Salt Lake City has a population of over 1 million people now. But most are invisible. They drive out of their garages in their cars into the parking lots of their buildings. Very few people ever walk around downtown these days; most just remain cloistered in their cubicles while in the city and hide in their ramblers in the suburbs. But that’s all changing. This past summer there have been so many people to see. As a professional people watcher, I’m always fascinated when I see people who are a bit outside of the norm.
You see them walking, biking, playing and entertaining. You might think, Who are these folks who live downtown? Who actually walks for exercise? Or performs at the Farmer’s Market?
We may get glimpses of their bikes, the way they dress, or how they behave, but too many of us live somewhat insular lives and don’t know many people who aren’t like us. We play it safe and stick to our cliques and social circles and rarely venture out into the wilderness of the strange and unknown. Here is your chance to meet some of the people who are challenging the norm and are maybe living lives quite different from yours. The only thing these people may have in common with you is they all are visible.
The Piano Man
by Jenna Haerr
Eric Rich, 25, leads a charming, alternative life. Every Saturday morning he rides to Pioneer Park to entertain the Farmer’s Market with a stand-up piano trailing behind him along with his partner, Corbin Baldwin. A new tradition this month for Rich & Baldwin is to perform impressionist renditions inspired by their favorite composers.
These performances, though they produce a meager income, suffice to support a communal lifestyle. Rich lives in a house known as the Boing Collective, where the conventions of capitalism are kept to a minimum. For eight years, it has existed as a place of literature & leisure, meant for sharing knowledge and ideas. The Boing Collective boasts its own miniature library, with a wide range of books open to the public. Rich says, “it allows people to feel comfortable in an alienating world.”
Perhaps the most remarkable departure from commercialism is dietary. Rich eats only what he describes as “wasted food,” that which has been deemed to not be saleable by grocery stores. It’s an interesting niche: a window period after conservatively estimated expiration dates, but before actually expiring. Whether donated or scrounged from the bottom of supermarket dumpsters, many in the collective eat for free—sometimes for years at a time. Though rather politically motivated and a direct protest against conspicuous consumption and waste, it is not a martyr’s lifestyle. The food is most typically indiscernible from that of grocery stores, particularly if you like riper varieties. Of course, it helps that Rich’s diet is entirely derived from plants. acquiring your next hamburger in a similar fashion entails greater risk.
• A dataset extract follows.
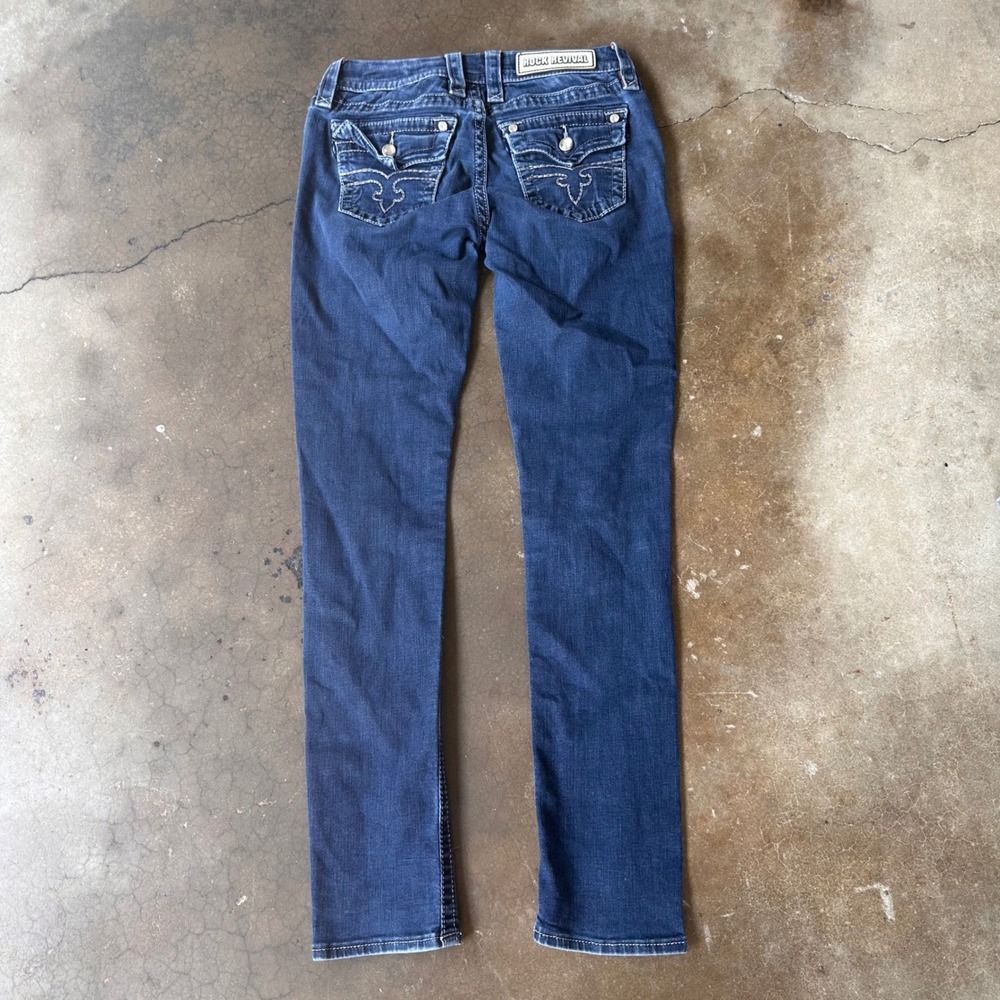 Rock Revival Jessica Jeans Womens 26 Blue Excellent Mid Rise Curvy Straight Leg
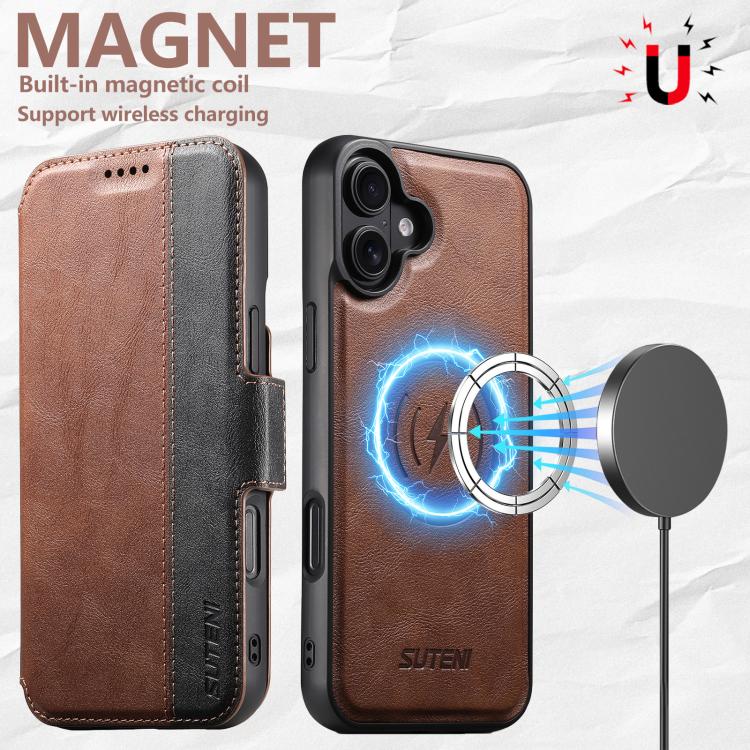For iPhone 16 Suteni Q07 2-in-1 Multi-function Detachable Wallet MagSafe Phone Case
To his credit, Rich does not deal entirely with expired food. He is also involved with Food Not Bombs, anorganization in which local grocery stores donate legitimately fresh food for homeless and low-income families. Four days a week, Rich is responsible for collecting the food to distribute it evenly among those in need
Sharing resources is essential to Rich’s survival. “You need favors to survive,” said Rich “some just pay for them.” In other words, if help is needed it will be given.